"Köyün birinde adamın lakabı eşşekmiş. Eşşek aşağı eşşek yukarı derken bu durum adamın eşinin zoruna gitmiş. Bir gün " bey şu lakap işini bir düzelt." Adam köy muhtarına durumu anlatır. Muhtar ihtiyar heyetini toplar. Adamı çağırdılar. Toplantı biter adam koşa koşa sevinçle evine döner. " hanım müjde artık lakabım eşşek değil " der. Kadın "iyi şimdi ne oldu?" diye sorar. Adam sevinçle " ihtiyar heyeti artık lakabımı sıpa yaptı" deyince kadın basar çığlığı " yahu herif büyüyünce yine eşşek olacaksın ne fark eder."

Eğer siz eşşekliğe razı olursanız adres değiştirmenin ne mantığı var?
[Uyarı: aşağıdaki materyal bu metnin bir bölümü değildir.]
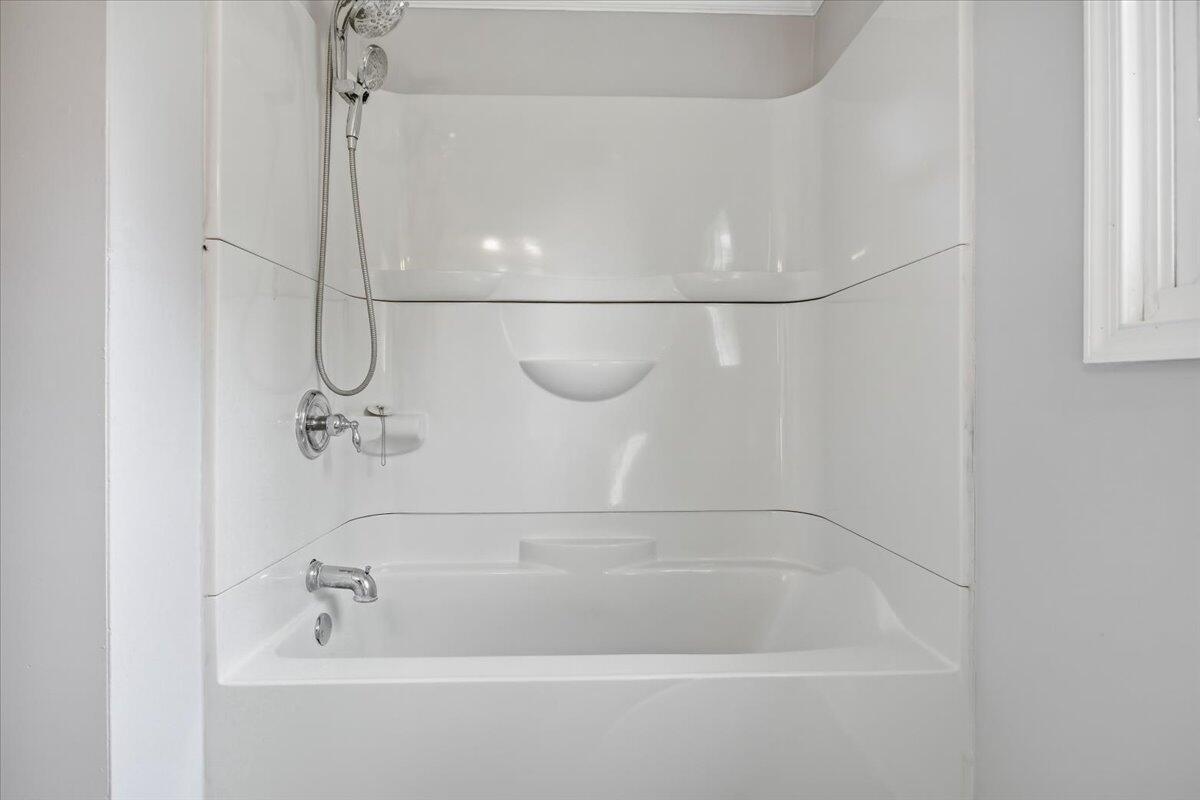 1249 Blue Ridge Turnpike Fincastle, VA 24090 - Photo 18 of 29 a close view of a bathtub in a bathroom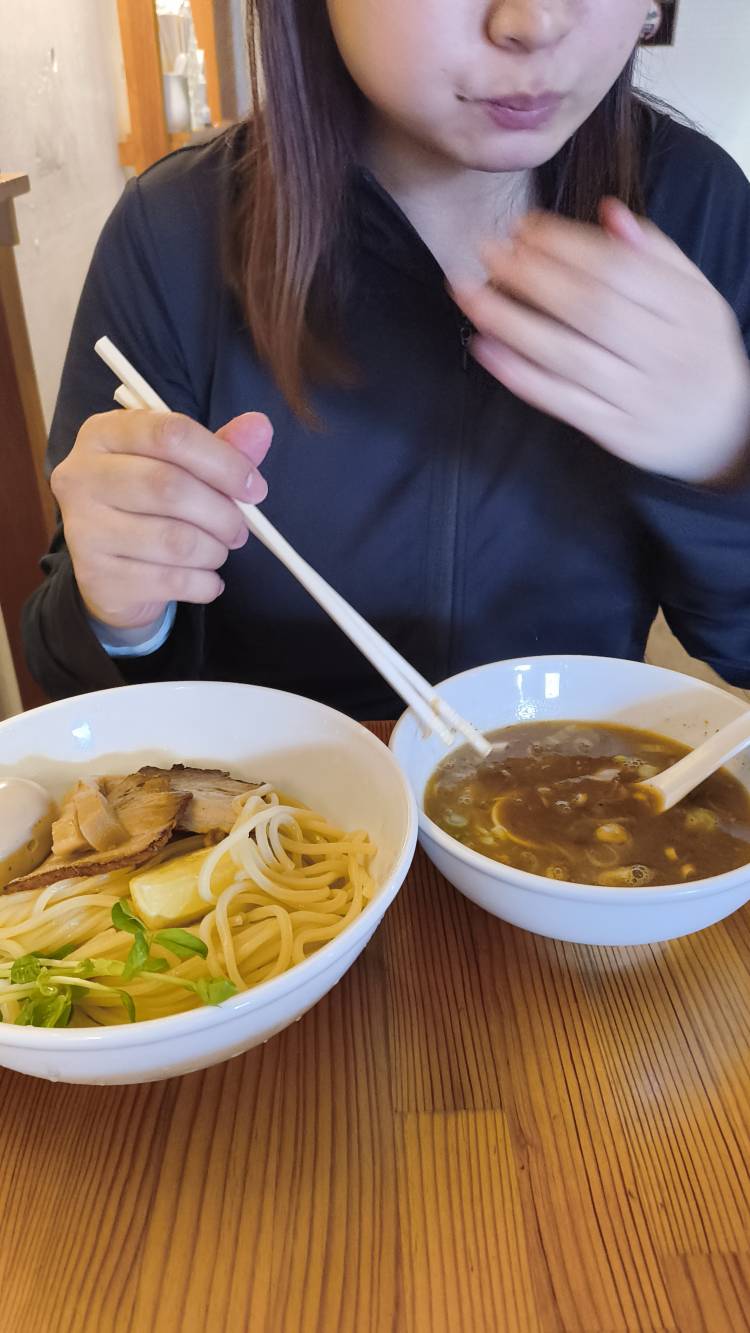 "岡山レンタル彼女💖つけ麺　烏城😄妊娠中・育休中もお仕事できる💖2025年も素敵なデートお待ちしています💖母乳ママのしえさん💖" を YouTube で見る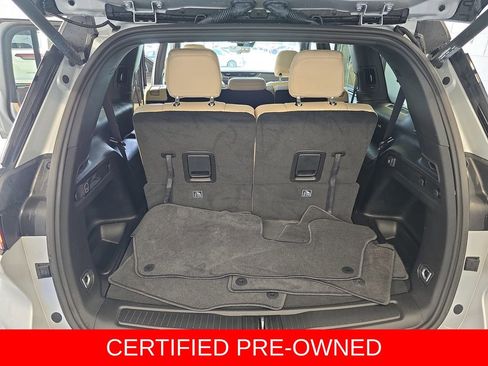 Used 2025 Jeep Grand Cherokee L Limited w/ Luxury Tech Group II AWD/4WD image 14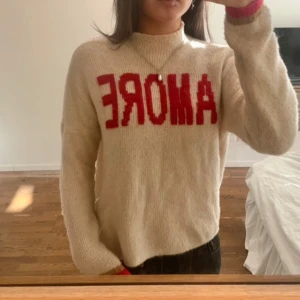 As snygg stickad - Säljer min super coola stickade tröja från Only❤️ kan såklart stryka innan den säljs så den inte är skrynklig!! passar xs-s.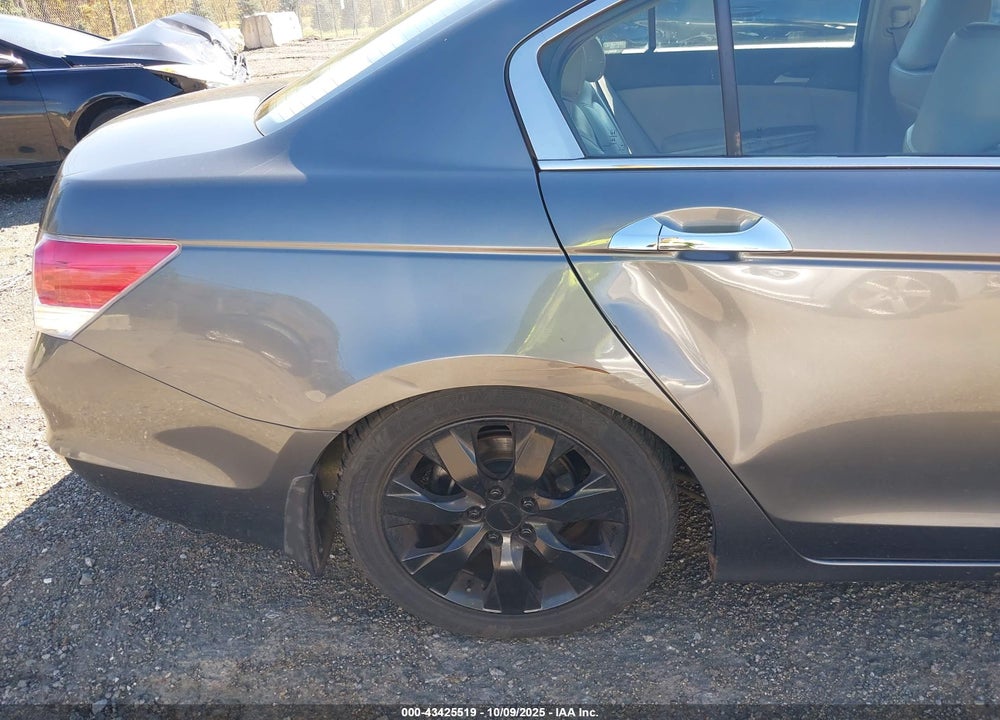 2009 HONDA ACCORD VIN: 1HGCP36839A040069
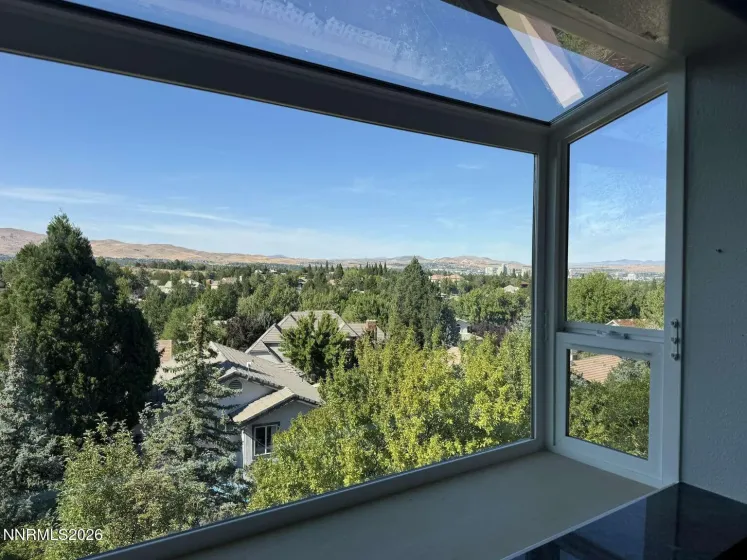 1547 Kestrel, Reno, Nevada 89509, 5 Bedrooms Bedrooms, ,4 BathroomsBathrooms,Residential,Residential,Kestrel,0,260011797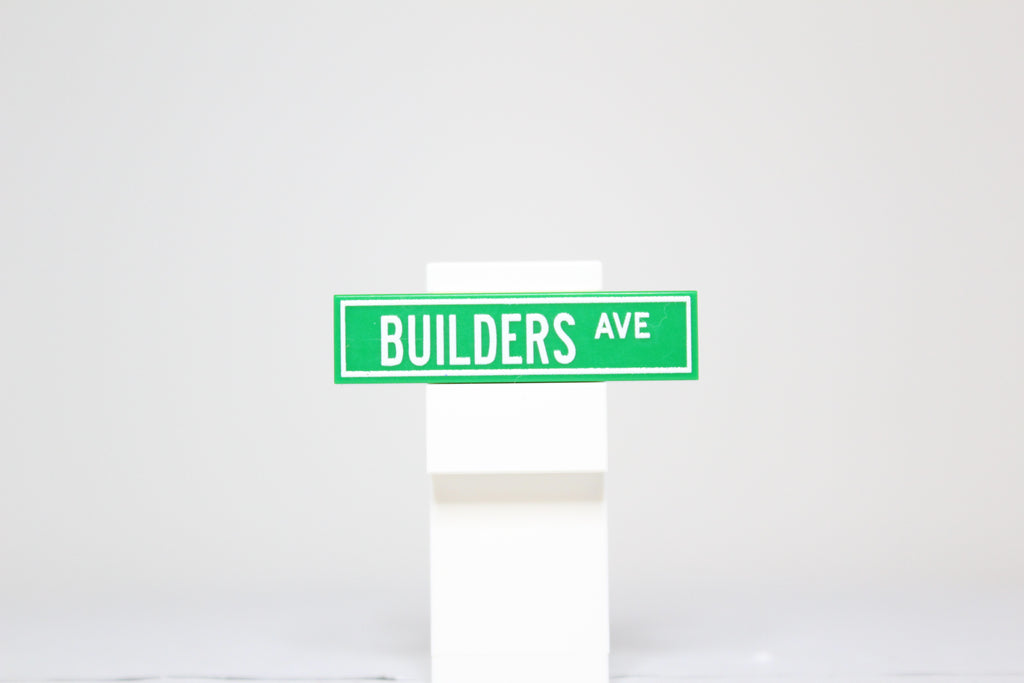 Street Sign 1x4 - Builders Ave.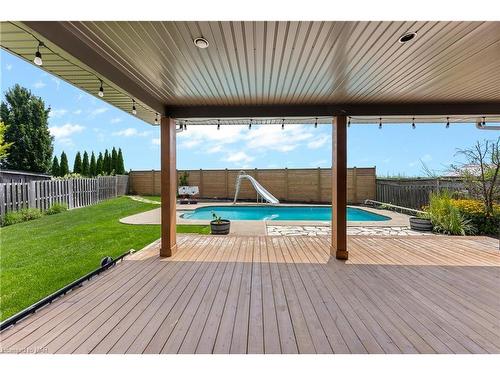 199 Tuliptree Road, Thorold, ON - Outdoor With In Ground Pool With Deck Patio Veranda With Exterior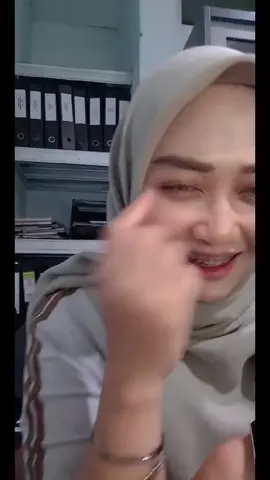 🤪🏃‍♀️‍➡️🏃‍♀️‍➡️🏃‍♀️‍➡️💋💋🖕 jangan terang2n lah sekarang mah iisshh @🔥 ミラ🔥 🤣🏃‍♀️‍➡️🏃‍♀️‍➡️🏃‍♀️‍➡️🏃‍♀️‍➡️ #fypfyp #besty❤️ 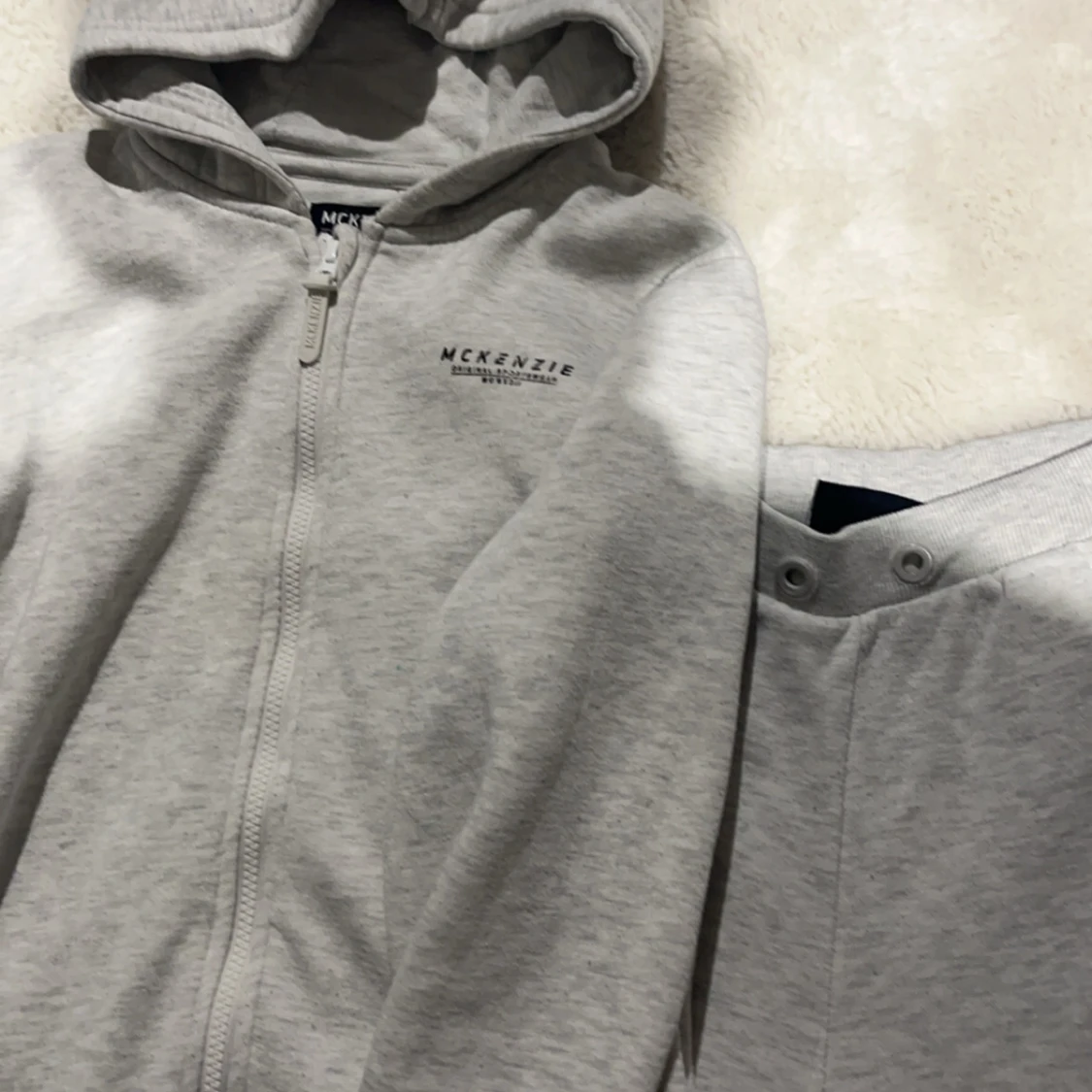 Grå McKenzie tracksuit + blåa byxor ingår - 90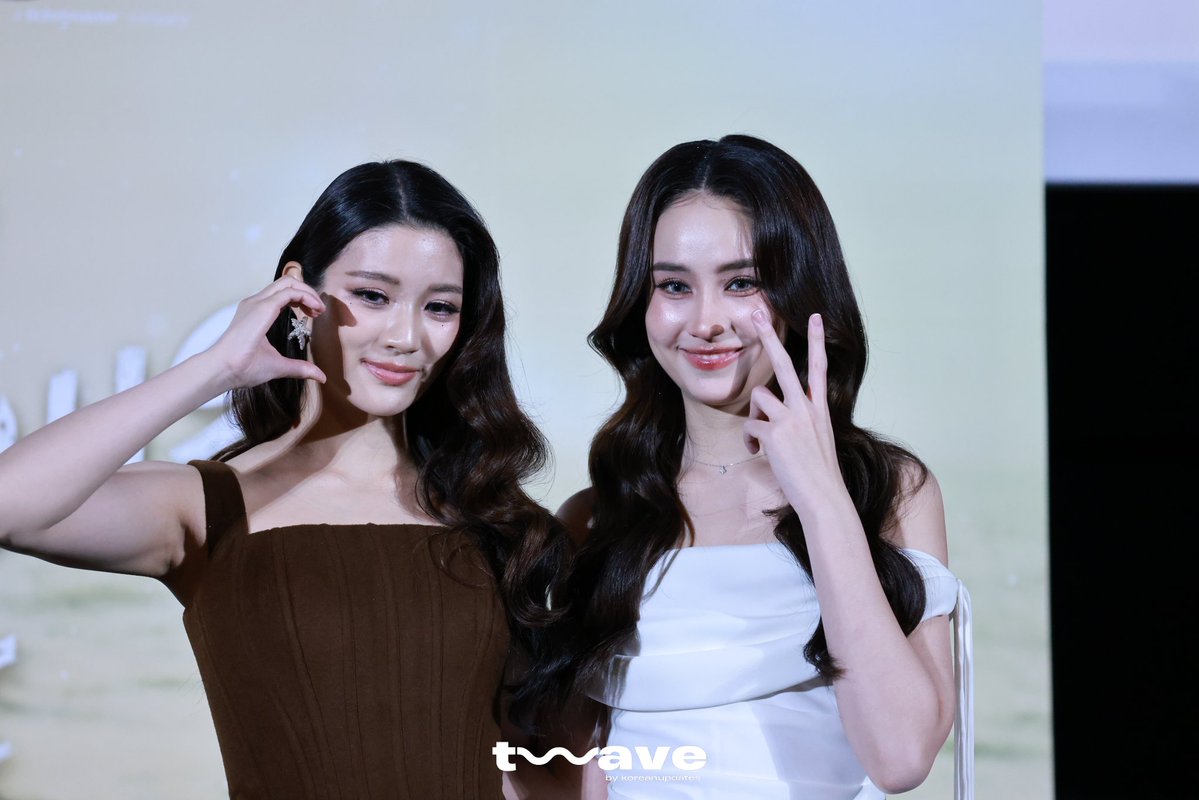 twavebyku's tweet image. จินนี่-เจน่า ช่วงสัมภาษณ์ งาน &quot;Poisonous Love Final Episode&quot;

ENDLESS LOVE
#PoisonousLoveFinalEP #พิษรัก
#ginnynatnicha #aangelinaass #GinJay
Onlar büyüyecek sen yine eşşek olarak kalacaksın çünkü sadece torbanda yem var mı yok mu ona bakıyorsun.

Senin dava zannettiğin şey onlara ulaşıncaya kadar rant oluyor koltuk sevdası oluyor ballı lokma oluyor. Siyasetçinin davası senin davan değil bunu unutma. Farklı dünyaların farklı yaşam biçimlerinin bir araya gelmesi yeşilçam filmlerinde yaşanır gerçek hayatta değil.

Türkiye'nin içinde bulunduğu duruma bakılınca önceliğin birlik olması gerektiğidir. Küçük farklılıkları büyütmeden ortak çizgi oluşturmaktan başka yolumuz yoktur.

Duruşumuz ülkemiz için.

Siyasî argümanlar parti ayrıntıları olmadan yürümek.

Milliyetçisi demokratı aklın çizgisinde birleşirse belki o zaman eşşeklik baki kalmaz.

Particilik sevdası ile gidilecek yol ulaşılacak menzil kalmamıştır. Siyasî sembolleri söylemleri günü birlik hamaseti unutup tek çare birlik demeliyiz. Asgari müşterekler ile yola devam demeliyiz. Artık bu ülkenin başka yolu kalmamıştır.

Klasik sağ partiler seçmeni gibi düşünmeden realist bir bakış açısı ile mücadele edilmeli.

AKLIMIZI BAŞIMIZA ALALIM LÜTFEN…

Unutmayalım ki yarınlar torunlarımıza mirasımızdır.